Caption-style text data
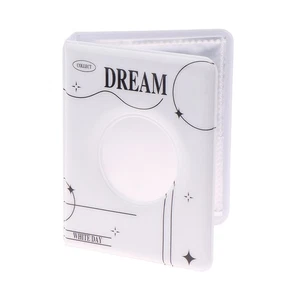 Ins Planet 3-inch Photo Album Postcard Storage Holder 36 Pockets Card Mini Album - Picture 1 of 10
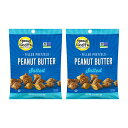 2個セット プレッツェル ピーナッツバターソルト 141.8g グッドヘルス お菓子 おやつ スナックFilled Pretzels Peanut Butter Salted, 5oz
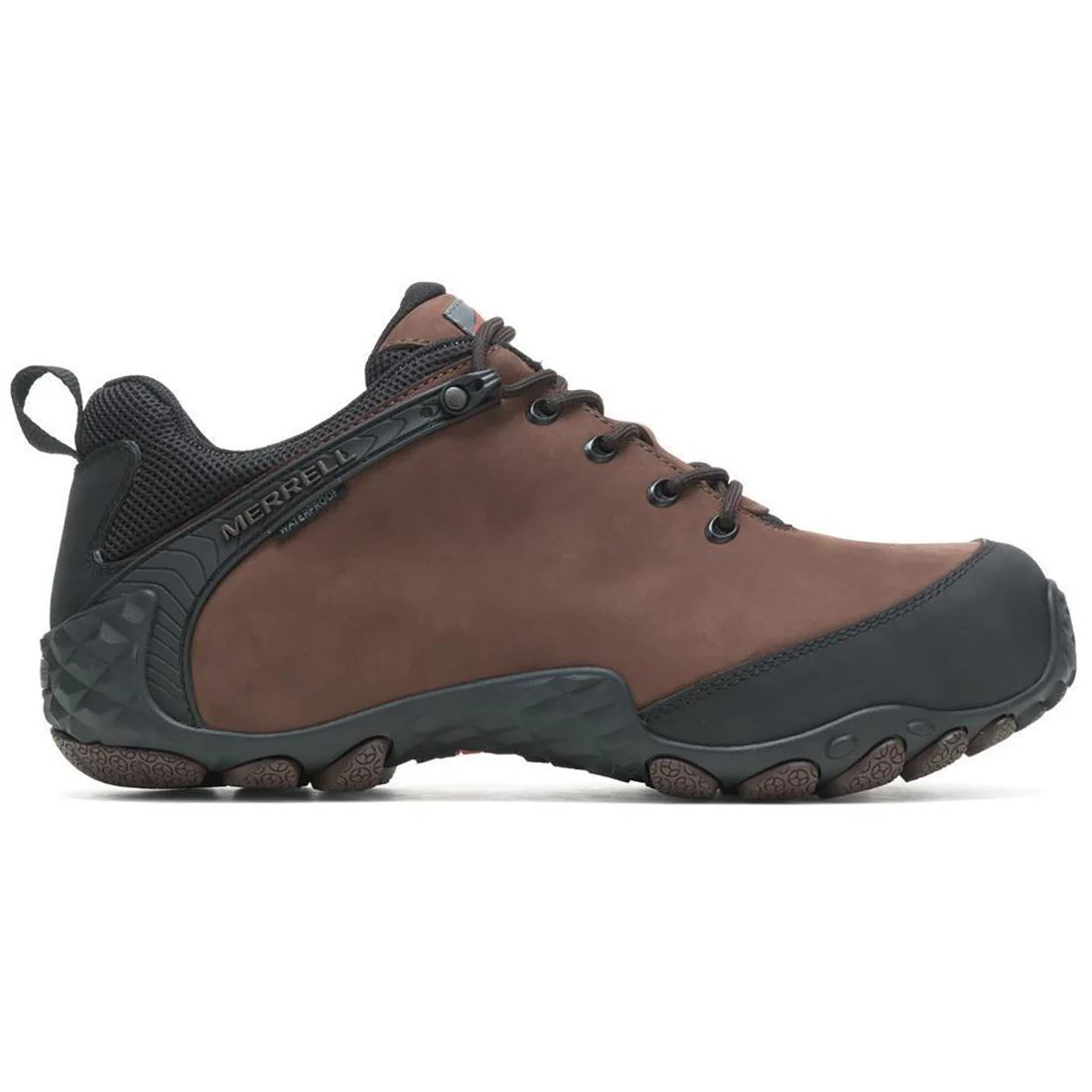 Cham Flux Ltr Men's Carbon-Fiber Work Shoes Wp Brown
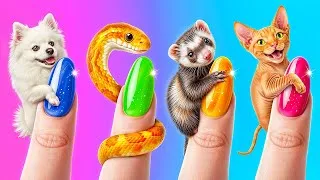 Thumbnail: We Built Houses for Four Animals!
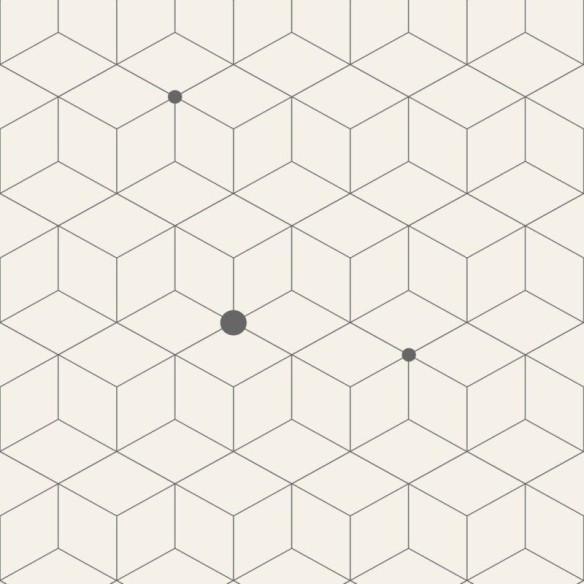 Papel de Parede Adesivo Geométrico Cubos N013021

What to do
Could you please return the entries above exactly, minus the pictures?

Response to the exercise
 Ins Planet 3-inch Photo Album Postcard Storage Holder 36 Pockets Card Mini Album - Picture 1 of 10
 2個セット プレッツェル ピーナッツバターソルト 141.8g グッドヘルス お菓子 おやつ スナックFilled Pretzels Peanut Butter Salted, 5oz
 Cham Flux Ltr Men's Carbon-Fiber Work Shoes Wp Brown
 Thumbnail: We Built Houses for Four Animals!
 Papel de Parede Adesivo Geométrico Cubos N013021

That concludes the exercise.